11 de junio de 2010

EMBARAZO DE LETRAS


Escribir una novela es en muchos sentidos como tener un hijo: primero lo proyectas en tu cabeza, fantaseas con su sexo, su nombre, le pones cara. Después llega la parte más intensa, que es cuando te follas a tu novela. Son semanas, tal vez meses, intensos, sentado en el ordenador, acariciando a tu amante. Meses que te subyugan por completo.
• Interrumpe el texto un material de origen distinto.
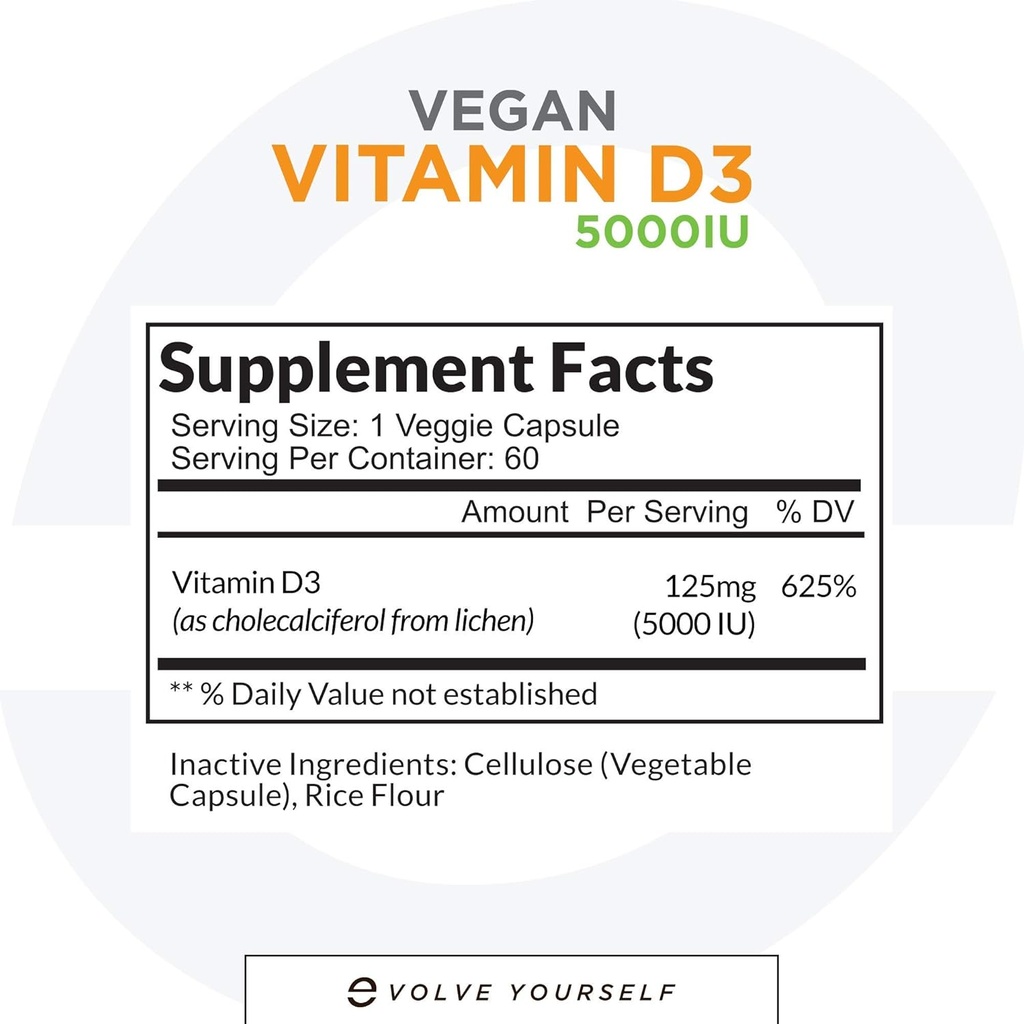 Συμπλήρωμα Vegan Vitamin D3 5000 IU - Αμιγής, Υψηλής Ικανότητας D3 Βιταμίνη 5000 IU Συμπληρώματα για την Ανοσολογική Υγεία & Ισχυρή Οστέινα Υποστήριξη - 120 κάψουλες, που παρέχουν μια 2-μηνη προμήθεια VIT D3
Pero después de ese polvo, que te deja derrotado en la cama y con cierta sensación de frustración, llegan los meses de embarazo, donde no haces otra cosa que revisar, y revisar, y releer, y cambias la cuna de sitio, y el color de las paredes de la habitación, y el lugar donde se conocieron y... Se hace largo, no es tan intenso, ni mucho menos, como el encuentro sexual de teclear el devenir de tus personajes, pero es todavía más importante para la salud de la novela cuidar su embarazo. Este embarazo, salvo en los escritores profesionales que deben de tener partos programados, tiene una parte de finalización voluntaria que es peligrosa, porque ¿cuando decides que tu hijo está preparado para salir al mundo?¿no habrá siempre una coma que cambiar?¿una metáfora que excluir?¿una explicación innecesaria que comerte con sustantivos y al ajillo de hipérboles? Así un día, sin muchas más razones que el anterior, decides que tu hijo ya puede salir de la tripa del anonimato y lo enseñas, la enseñas, al mundo orgulloso. Primero son los familiares y amigos más directos, que rara vez te dicen que tu hijo es feo, y después, con suerte, el resto del mundo podrá conocerla. Sí, escribir una novela es como ser padre y yo acabo de echar el polvo incial. He tecleado las últimas letras sobre la primera copia de Y ahora ¿qué? Espero que el embarazo no se me haga demasiado largo esta vez.